Abstract

A new method developed for estimating water depths of benthic foraminifers was implemented for Oligocene foraminiferal biofacies from the New Jersey Coastal Plain. We combined benthic foraminiferal biofacies and two-dimensional flexural backstripping to construct a two-dimensional paleoslope model. The original depositional geometry of New Jersey Oligocene strata was reconstructed by calculating the effects of sediment accumulation and flexural loading. Paleodepth estimates for benthic foraminiferal biofacies were calibrated to inner neritic facies along the resulting nonlinear profile (e.g., with clinoforms). Paleodepth estimates for ten foraminiferal biofacies ranged from 20 ± 10 m to 115 ± 30 m and were consistent with more qualitative estimates based on other methods (e.g., foraminiferal abundances and species diversity).

Applying this method to the New Jersey coastal plain for the Oligocene showed clear distributional patterns of benthic foraminiferal biofacies.

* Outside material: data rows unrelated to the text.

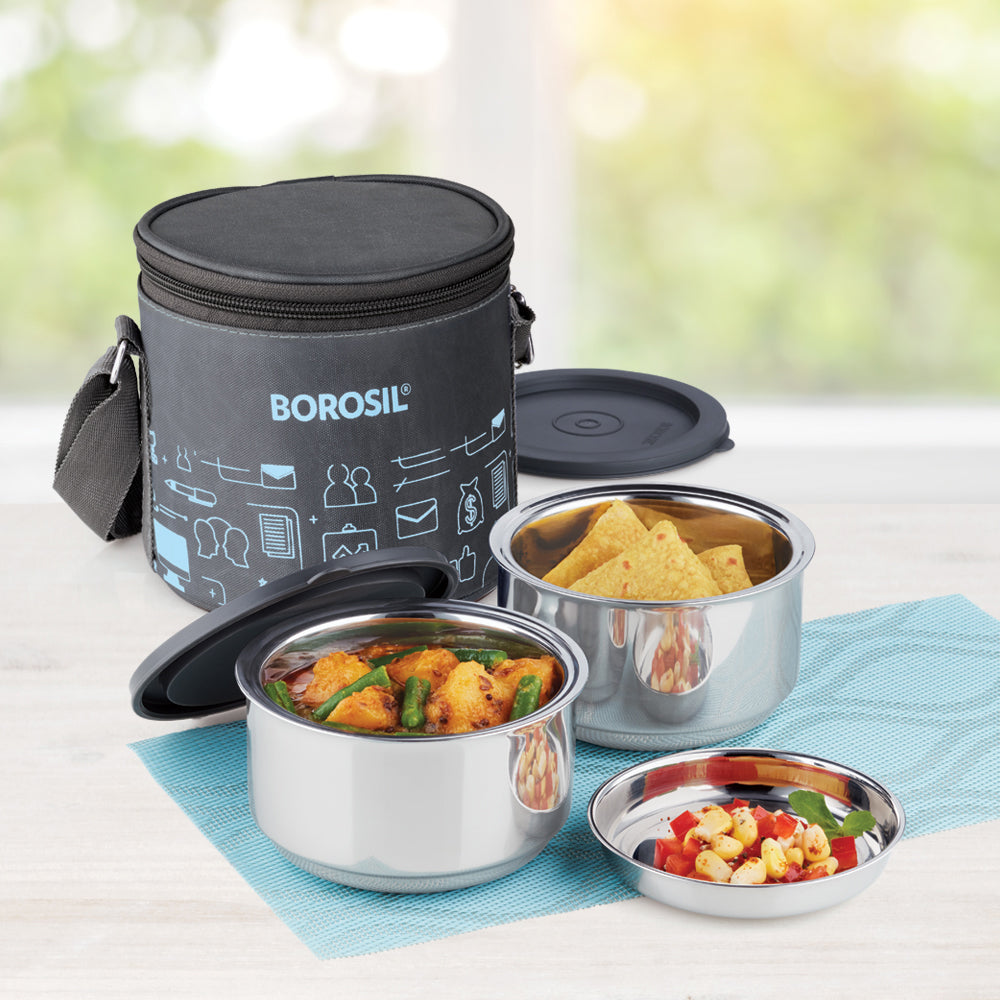 BOROSIL STAINLESSS STEEL INSULATED LUNCH BOX 2*280ML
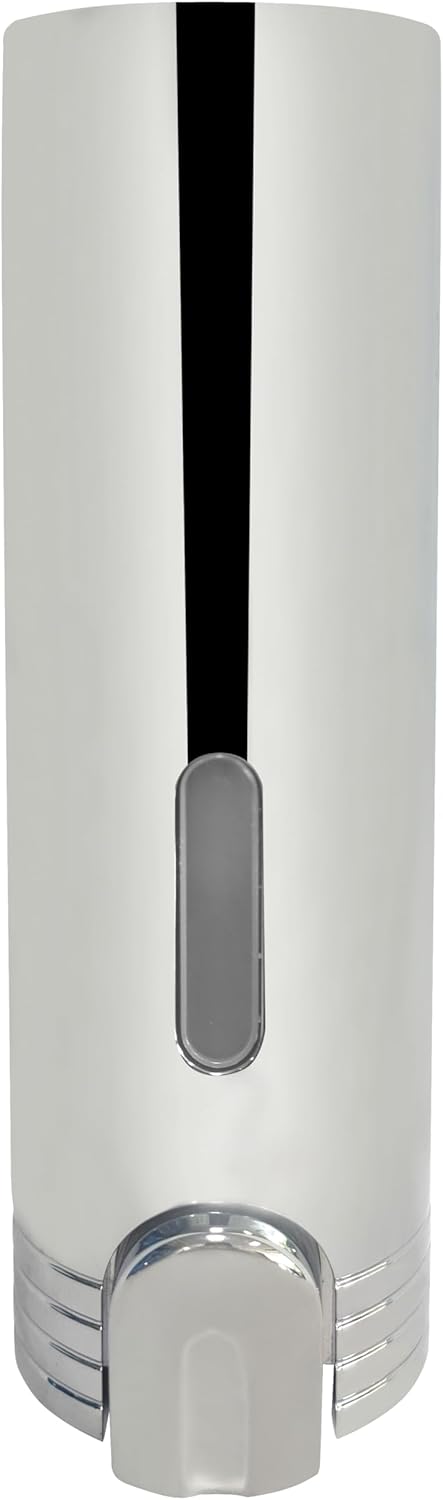 Wall Mounted Chrome Finished Soap Dispenser 400ml Refillable Glossy Silver Liquid Dispenser for Bathroom & Kitchen Sleek Push Button Design
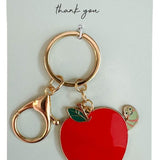 Worm & Apple Best Teacher Keyring Red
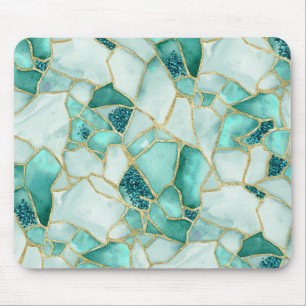Tapis De Souris Motif de mosaïque en verre de mer aquarelle Aqua T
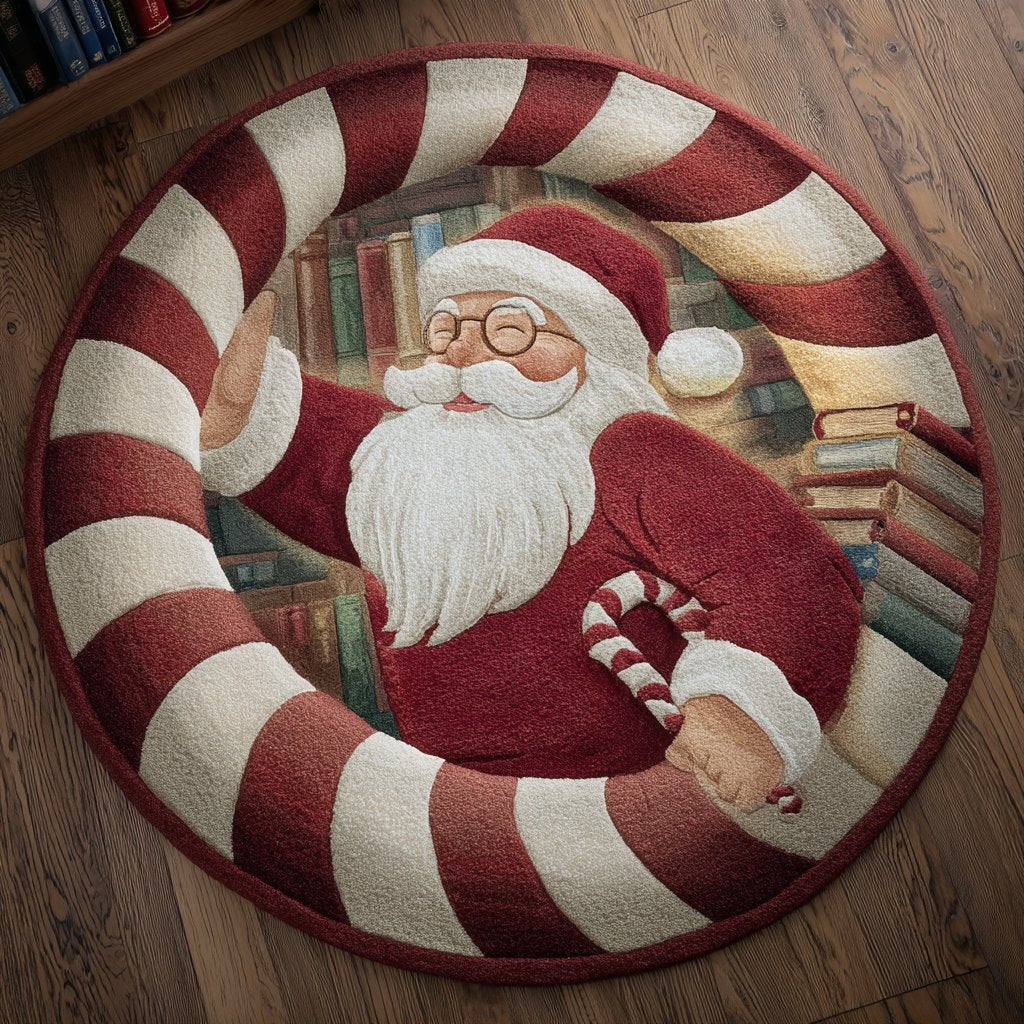 Santa Memories Christmas Round Mat Rug - washable non-slip printed rug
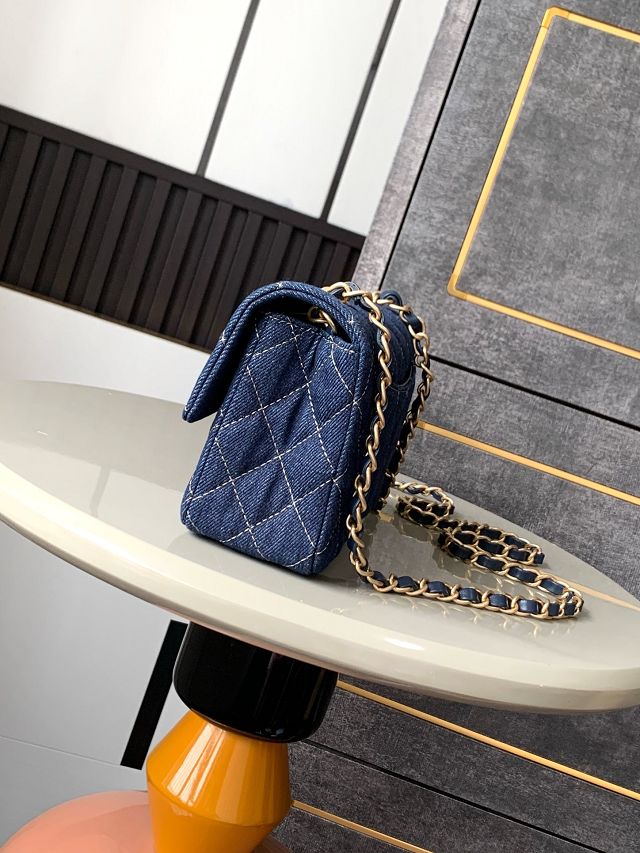 CC original denim mini flap bag A69900 dark blue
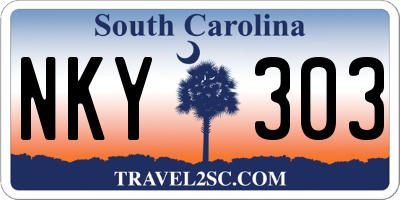 SC license plate NKY303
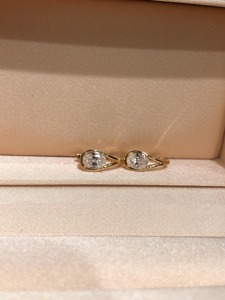 Pendientes de Aro Ovalados de Oro Blanco de 14K con Diamantes Cultivados en Laboratorio, Color F, Joyería Minimalista para Mujer, Regalo, Uso Diario, para Fiestas - Product Image 5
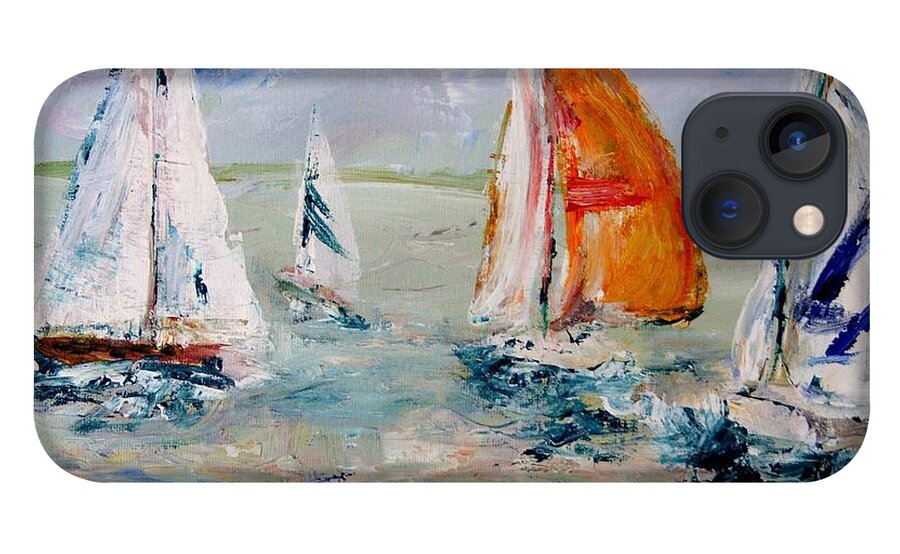 Sailboats And Abstract 2 iPhone 13 Case featuring the painting Sailboat studies 3 by Julie Lueders 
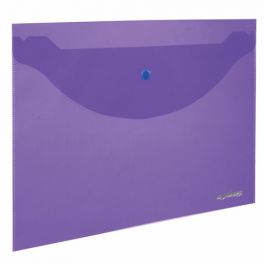 Папка конверт на кнопке  А4  Юнландия, фиолетовая 180мкм,  (10)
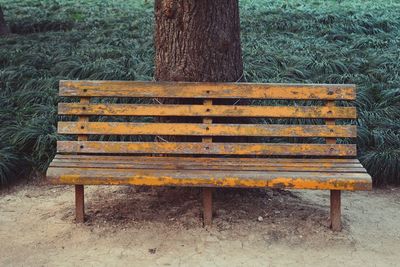 Wooden bench in park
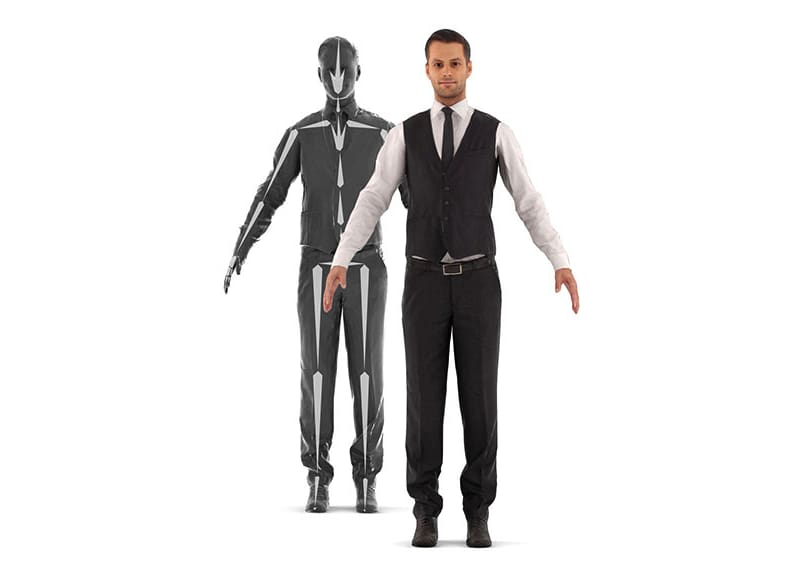 A rigged 3D model of a man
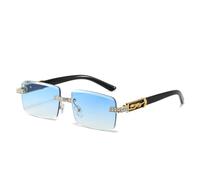 MUTYNE Luxuriöse Strass-Sonnenbrille für Damen und Herren, rechteckig, mit funkelnden Diamanten, UV400-Sonnenbrille (goldblau)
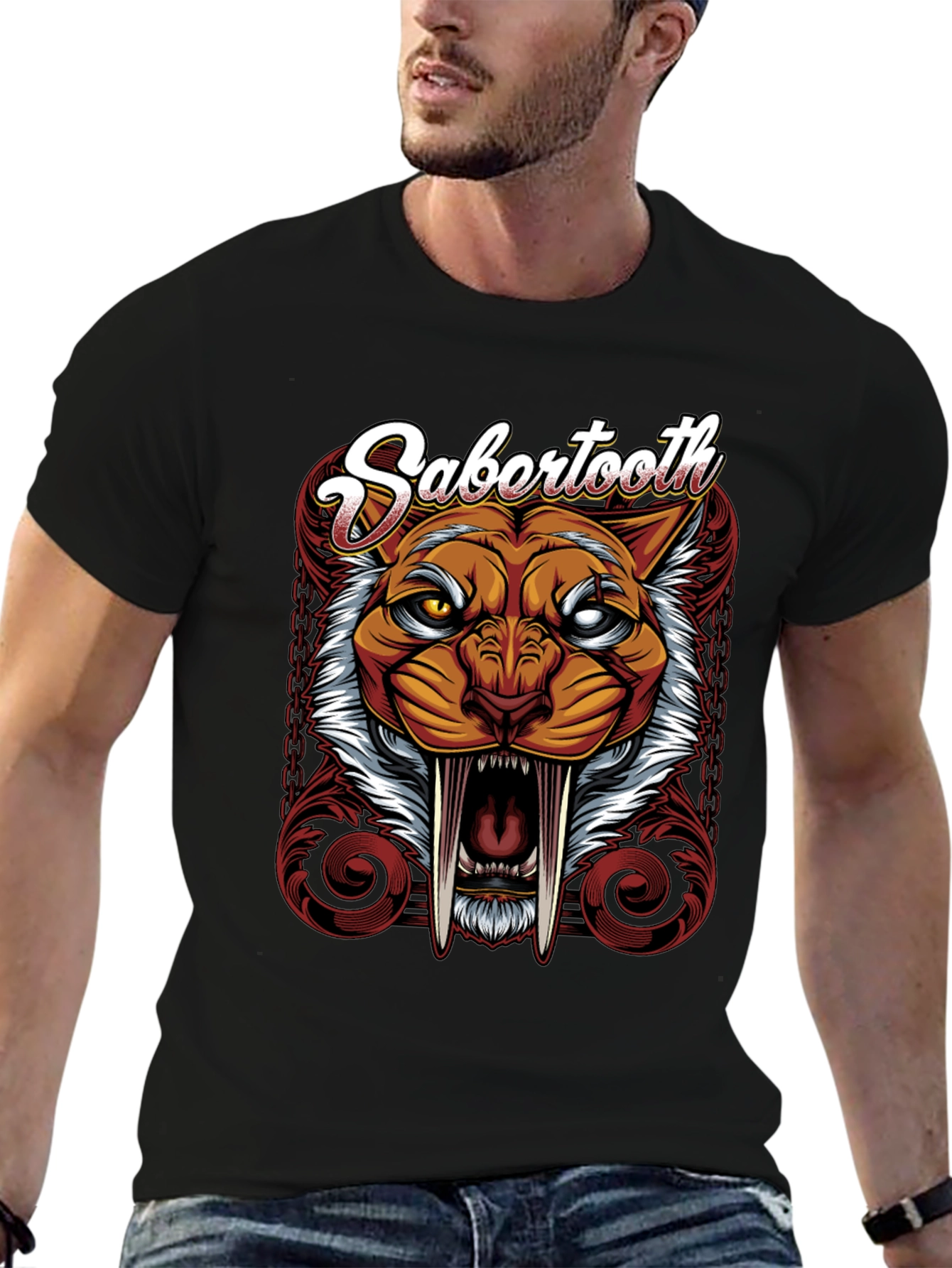 Black Sabertooth Graphic Tee - Fierce Feline T-Shirt view 6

This enabled paleobathymetry to be determined for the reconstructed New Jersey margin as well as significant stratal surfaces within sequences (i.e., systems tracts and condensed sections). Paleodepth estimates ranged from nearshore (20 ± 10 m) up to 85 ± 25 m for deposits landward of the clinoform rollover of the underlying sequence boundary and from middle neritic to outer neritic (50 ± 20 m to over 100 ± 30 m) on the slopes of the clinoforms.

During earliest transgressive systems tracts, paleodepths immediately seaward of the clinoform slope ranged from inner neritic (< 40 m) at updip sites to outer neritic (> 100 m) at downdip sites. During early highstands, paleobathymetry ranged from 45 ± 10 to 85 ± 25 m landward of the clinoform rollover to 85 ± 25 m to over 100 ± 30 m on the slope (seaward of the developing prograding sedimentary wedge), while during late HSTs, paleodepths shoaled to as shallow as 25 ± 10 m near the clinoform rollover.

This method can be applied to other continental passive margins to reconstruct the stratal geometry of and estimate water depths on the shelf. Furthermore, by extending this process, relative sea level and eustatic timings and amplitudes could be evaluated.